Hydrilla linked to brain-eating disease in ducks & eagles

News & upcoming events
Post Reply
Linus_Cello
Posts: 427
Joined: Fri Nov 07, 2014 4:32 pm
Real Name: Linus Chen

Hydrilla linked to brain-eating disease in ducks & eagles

Post by Linus_Cello »

https://www.eenews.net/greenwire/2021/0 ... Agreenwire

WILDLIFE
Brain-eating disease killing bald eagles
Valerie Yurk, E&E News reporter

Published: Friday, March 26, 2021
Bacterial colonies grow on hydrilla. Photo credit: Susan Wilde
Bacterial colonies of the cyanobacterium A. hydrillicola grow on a leaf of an invasive hydrilla plant. Susan Wilde

Bob Sargent, a wildlife conservationist at the Georgia Department of Natural Resources, noticed something was off when he saw ducks swimming and flying in circles, as if their brains were malfunctioning.

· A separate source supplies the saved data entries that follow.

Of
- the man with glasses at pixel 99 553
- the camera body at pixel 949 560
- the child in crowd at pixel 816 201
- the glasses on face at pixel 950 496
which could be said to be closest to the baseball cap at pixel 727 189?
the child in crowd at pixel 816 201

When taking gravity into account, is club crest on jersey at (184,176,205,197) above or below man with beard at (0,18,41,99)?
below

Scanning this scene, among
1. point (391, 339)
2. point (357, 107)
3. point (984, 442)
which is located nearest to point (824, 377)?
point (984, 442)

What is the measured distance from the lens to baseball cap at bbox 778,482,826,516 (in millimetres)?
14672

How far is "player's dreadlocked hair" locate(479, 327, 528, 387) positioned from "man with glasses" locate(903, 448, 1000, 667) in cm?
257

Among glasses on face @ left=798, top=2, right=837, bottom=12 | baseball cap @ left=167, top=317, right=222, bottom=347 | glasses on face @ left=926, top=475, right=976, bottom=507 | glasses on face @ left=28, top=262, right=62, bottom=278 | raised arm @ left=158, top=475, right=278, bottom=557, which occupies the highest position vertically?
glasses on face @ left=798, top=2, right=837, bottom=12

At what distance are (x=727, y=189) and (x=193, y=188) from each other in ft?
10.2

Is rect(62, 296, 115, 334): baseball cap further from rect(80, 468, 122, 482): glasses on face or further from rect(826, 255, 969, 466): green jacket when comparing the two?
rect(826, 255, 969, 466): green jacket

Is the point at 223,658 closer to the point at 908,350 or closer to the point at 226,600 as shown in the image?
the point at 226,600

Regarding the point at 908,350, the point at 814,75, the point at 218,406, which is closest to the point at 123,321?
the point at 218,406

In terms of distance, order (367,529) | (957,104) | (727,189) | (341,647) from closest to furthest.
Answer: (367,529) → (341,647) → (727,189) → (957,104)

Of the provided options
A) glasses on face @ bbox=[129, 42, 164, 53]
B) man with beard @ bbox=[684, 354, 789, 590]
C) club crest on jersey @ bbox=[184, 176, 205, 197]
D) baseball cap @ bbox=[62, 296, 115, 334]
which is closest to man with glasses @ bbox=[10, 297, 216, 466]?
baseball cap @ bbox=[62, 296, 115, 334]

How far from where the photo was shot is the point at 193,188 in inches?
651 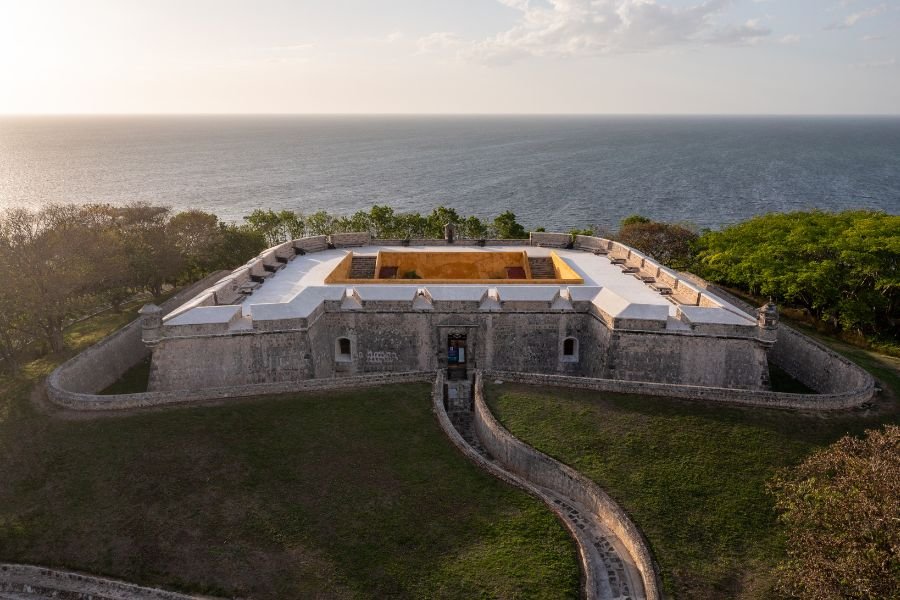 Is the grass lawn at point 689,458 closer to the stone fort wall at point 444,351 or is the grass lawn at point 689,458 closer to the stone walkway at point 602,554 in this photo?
the stone walkway at point 602,554

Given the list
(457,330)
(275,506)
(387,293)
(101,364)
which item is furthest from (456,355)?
(101,364)

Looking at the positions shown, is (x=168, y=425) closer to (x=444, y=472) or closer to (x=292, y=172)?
(x=444, y=472)

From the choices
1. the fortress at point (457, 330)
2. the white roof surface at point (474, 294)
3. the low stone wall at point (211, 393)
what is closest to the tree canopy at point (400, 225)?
the white roof surface at point (474, 294)

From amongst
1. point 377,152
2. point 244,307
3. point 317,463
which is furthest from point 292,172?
point 317,463

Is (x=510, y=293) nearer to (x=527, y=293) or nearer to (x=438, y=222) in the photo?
(x=527, y=293)

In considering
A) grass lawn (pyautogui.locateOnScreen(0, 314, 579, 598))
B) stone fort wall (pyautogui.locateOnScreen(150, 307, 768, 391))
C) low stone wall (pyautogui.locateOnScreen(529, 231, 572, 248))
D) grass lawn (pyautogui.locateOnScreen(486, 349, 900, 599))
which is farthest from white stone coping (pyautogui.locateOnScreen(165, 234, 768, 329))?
grass lawn (pyautogui.locateOnScreen(0, 314, 579, 598))

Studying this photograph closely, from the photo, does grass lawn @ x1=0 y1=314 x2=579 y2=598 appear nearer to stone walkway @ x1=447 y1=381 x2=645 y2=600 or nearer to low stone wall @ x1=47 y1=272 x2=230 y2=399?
stone walkway @ x1=447 y1=381 x2=645 y2=600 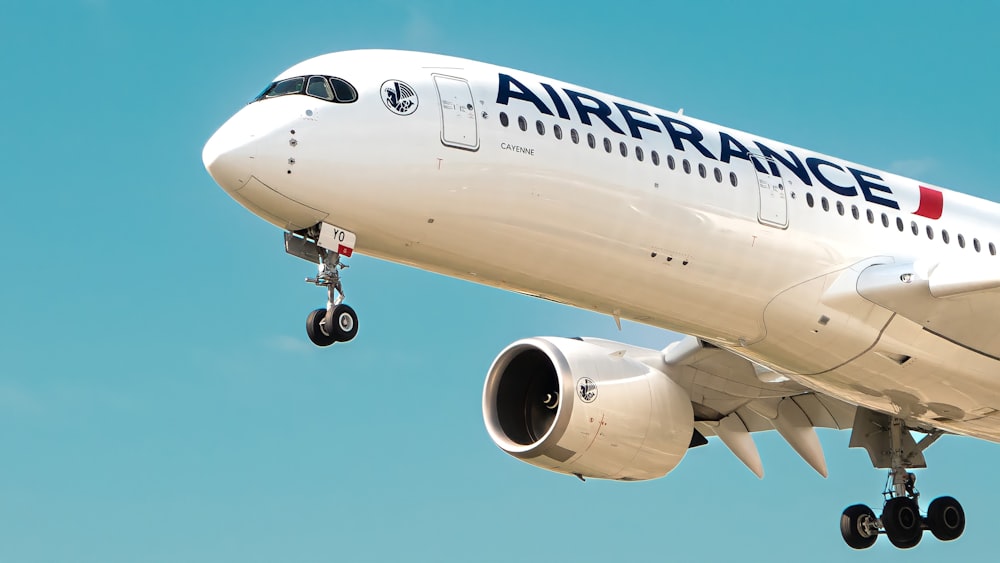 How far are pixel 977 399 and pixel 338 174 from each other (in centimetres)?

When he saw bald eagles doing the same thing, he knew something was wrong.

Toxins on invasive aquatic plants are attacking the brains of bald eagles, causing declines of the iconic species across the southeastern United States, according to new research published in Science.

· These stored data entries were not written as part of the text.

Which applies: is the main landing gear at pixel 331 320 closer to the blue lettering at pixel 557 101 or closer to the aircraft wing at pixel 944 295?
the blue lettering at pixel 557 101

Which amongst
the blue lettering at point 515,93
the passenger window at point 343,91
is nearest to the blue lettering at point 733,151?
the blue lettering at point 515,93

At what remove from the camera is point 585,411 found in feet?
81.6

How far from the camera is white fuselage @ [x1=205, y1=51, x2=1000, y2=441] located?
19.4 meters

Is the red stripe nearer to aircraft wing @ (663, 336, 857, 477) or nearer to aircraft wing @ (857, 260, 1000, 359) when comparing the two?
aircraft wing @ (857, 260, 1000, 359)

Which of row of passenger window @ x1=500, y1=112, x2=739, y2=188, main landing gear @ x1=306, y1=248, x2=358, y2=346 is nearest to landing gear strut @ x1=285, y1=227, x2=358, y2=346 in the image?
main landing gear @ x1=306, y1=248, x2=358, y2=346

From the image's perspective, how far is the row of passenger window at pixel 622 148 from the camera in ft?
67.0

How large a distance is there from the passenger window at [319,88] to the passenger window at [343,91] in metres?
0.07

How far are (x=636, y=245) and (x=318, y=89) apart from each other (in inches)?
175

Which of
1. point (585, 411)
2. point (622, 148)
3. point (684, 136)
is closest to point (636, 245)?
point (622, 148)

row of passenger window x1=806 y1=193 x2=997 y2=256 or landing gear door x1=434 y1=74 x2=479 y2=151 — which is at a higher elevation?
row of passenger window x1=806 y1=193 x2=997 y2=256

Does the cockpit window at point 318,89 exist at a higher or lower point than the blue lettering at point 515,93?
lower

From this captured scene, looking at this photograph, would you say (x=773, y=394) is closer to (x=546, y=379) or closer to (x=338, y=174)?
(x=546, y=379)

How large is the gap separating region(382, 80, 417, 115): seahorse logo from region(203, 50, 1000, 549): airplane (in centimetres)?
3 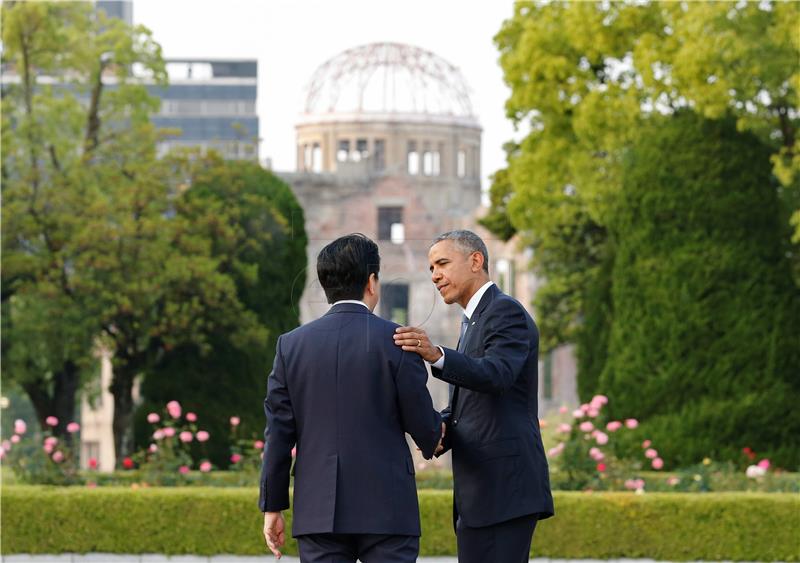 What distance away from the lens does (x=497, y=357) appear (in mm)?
6242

A toxin produced by bacteria on hydrilla — an invasive plant that made its way into U.S. waterways from irresponsible aquarium dumping — causes liver and brain damage to the bald eagle, the research said.

The neurodegenerative disease, vacuolar myelinopathy (VM), has been rampant since researchers found eagle carcasses with holes in their brains in Arkansas in 1994. Susan Wilde, a study co-author and a professor at University of Georgia, found in 2005 that these strange eagle deaths were somehow connected to the invasive hydrilla, but there were still some areas where hydrilla thrived and bald eagles were not dying.

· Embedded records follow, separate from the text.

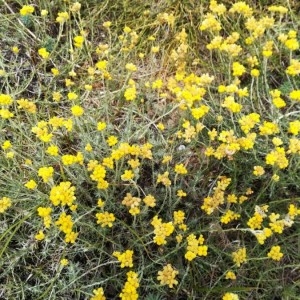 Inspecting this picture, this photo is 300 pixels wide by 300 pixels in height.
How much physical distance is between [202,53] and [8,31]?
97 centimetres

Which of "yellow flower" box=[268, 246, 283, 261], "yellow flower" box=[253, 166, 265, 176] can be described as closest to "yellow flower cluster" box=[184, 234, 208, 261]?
"yellow flower" box=[268, 246, 283, 261]

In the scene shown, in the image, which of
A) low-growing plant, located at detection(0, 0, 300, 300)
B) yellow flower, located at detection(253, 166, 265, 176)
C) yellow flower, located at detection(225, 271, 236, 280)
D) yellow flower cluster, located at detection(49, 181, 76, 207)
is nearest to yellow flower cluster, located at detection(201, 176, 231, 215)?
low-growing plant, located at detection(0, 0, 300, 300)

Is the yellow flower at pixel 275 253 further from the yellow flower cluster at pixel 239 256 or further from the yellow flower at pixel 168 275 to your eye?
the yellow flower at pixel 168 275

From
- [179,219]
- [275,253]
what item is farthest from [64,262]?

"It took a while to connect the dots to find out what about the invasive plants made the eagles so sick," she said.

Wilde found that in places where cyanobacteria, nitrogen-fixing aquatic bacteria, are abundant on the invasive hydrilla, so are the brain-killing toxins.

Aquatic species lower on the food chain, like ducks and fish, feed on infected hydrilla and are the first to get sick and start showing the bizarre physical symptoms that Sargent explained — swimming around in circles or with their heads off to the side, making them unbalanced.

Eagles surveying ponds for a meal see the birds succumbing to VM as easy prey, in turn catching the disease themselves.

"It's pretty difficult to make a living as an eagle," Wilde said. "They eat what's available and get infected, and by the time biologists capture them, it's usually too late. They'll only live for two more days."

Wilde added that the toxin is also unique because of its structure — it is lipid soluble, which means it lives on in the muscle tissues of animals. It also has bromide, which is found in herbicides used to kill the invasive hydrilla.

"It's a really tricky thing to do," she said. "We want to use herbicides to kill these invasive species, but it could be making this toxin. We just aren't sure yet."

Stopping the spread
Despite a recent Fish and Wildlife Service survey that says bald eagle populations have quadrupled since 2009, Wilde said that the Southeastern areas where this toxin exists are still seeing fewer bald eagles.

Vanessa Kauffman of FWS said the agency is aware of eagle deaths due to contracting VM from hydrilla and continues to track local eagle populations that are still at risk.

"Mortality will persist with bald eagles; thus it is important to continue monitoring bald eagle populations — we are still seeing populations increase overall, which is the great news," she said.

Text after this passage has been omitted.